Elk Hunting With Your Wife
By Dick Perue
Having recently returned from several weeks in the mountains hunting, fishing, relaxing, drinking beer, BSing and just enjoying the most beautiful fall colors I witnessed in years, I was reminded of an elk hunting story I wrote more than 30 years ago. My “Saratoga Chips” column in the Oct. 18, 1978, issue of The Saratoga Sun read:
Any elk hunter with experience knows better than to take his wife hunting with him.
Every time he does “give in” and take the little woman along, she ends up getting the biggest bull in the woods.
I am well aware of this happening, but I took Marty elk hunting anyway, and sure enough she has the only elk in camp and it is a big six-point bull.
Marty not only got the only elk so far, but she also proved another of the known elk truisms – those women will kill it down in the deepest hole in the country, in a pile of downed timber and then expect the men to spend two days carrying it to camp a quarter at a time.

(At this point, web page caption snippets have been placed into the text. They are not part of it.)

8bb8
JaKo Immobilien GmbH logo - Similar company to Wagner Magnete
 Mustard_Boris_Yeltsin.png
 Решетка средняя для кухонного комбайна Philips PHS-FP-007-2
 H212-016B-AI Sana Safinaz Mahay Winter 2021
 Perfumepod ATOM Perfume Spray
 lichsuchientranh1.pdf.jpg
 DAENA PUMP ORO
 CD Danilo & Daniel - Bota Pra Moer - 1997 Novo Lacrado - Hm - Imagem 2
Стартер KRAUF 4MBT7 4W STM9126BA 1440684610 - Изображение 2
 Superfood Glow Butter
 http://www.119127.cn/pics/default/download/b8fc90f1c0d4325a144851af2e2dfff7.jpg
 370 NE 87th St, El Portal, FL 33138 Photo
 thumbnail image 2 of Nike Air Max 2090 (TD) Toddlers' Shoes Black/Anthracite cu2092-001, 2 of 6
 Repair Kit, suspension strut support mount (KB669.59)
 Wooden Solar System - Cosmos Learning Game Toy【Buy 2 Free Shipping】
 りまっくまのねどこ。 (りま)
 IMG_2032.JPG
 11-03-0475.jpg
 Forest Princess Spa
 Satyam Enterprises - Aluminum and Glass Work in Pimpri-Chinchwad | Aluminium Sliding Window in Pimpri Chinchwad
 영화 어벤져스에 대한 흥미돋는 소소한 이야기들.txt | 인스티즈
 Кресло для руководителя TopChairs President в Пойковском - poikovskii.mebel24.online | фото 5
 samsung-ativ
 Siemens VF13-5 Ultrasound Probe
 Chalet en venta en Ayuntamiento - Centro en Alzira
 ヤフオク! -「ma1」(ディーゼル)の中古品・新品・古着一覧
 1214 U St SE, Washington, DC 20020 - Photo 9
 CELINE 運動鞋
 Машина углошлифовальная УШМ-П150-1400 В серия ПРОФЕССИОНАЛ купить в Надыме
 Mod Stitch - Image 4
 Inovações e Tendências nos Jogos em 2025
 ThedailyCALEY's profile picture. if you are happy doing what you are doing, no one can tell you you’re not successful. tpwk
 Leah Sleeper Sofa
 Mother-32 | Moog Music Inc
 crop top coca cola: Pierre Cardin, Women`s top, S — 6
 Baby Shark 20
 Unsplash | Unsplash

The big bull my wife bagged wasn’t quite as bad, but the hill on which it was killed was so steep you couldn’t walk on it without slipping and sliding. The only way the elk kept from sliding to the bottom was when it fell, it rammed its antlers into a pine tree and hung there. We dressed it out while the bull’s antlers remained implanted in the tree.
It took four of us most of Tuesday to pack the meat and magnificent rack back to camp.
After bagging her first elk, now Marty’s talking about getting a big black bear we see every year. Sure hope the bear stays hidden, since the little woman is starting to gain confidence after getting a deer and an elk.
The only thing I’m good at getting is a special elk permit nearly every year. Maybe I’ll see a big, dry cow wander by camp while I’m doing the gutting and packing and fixing supper, while Marty is bear hunting.
It’s back to the woods tomorrow to try my luck.
This year’s memories of past hunting trips with Marty were especially plentiful and vivid as she passed away this spring.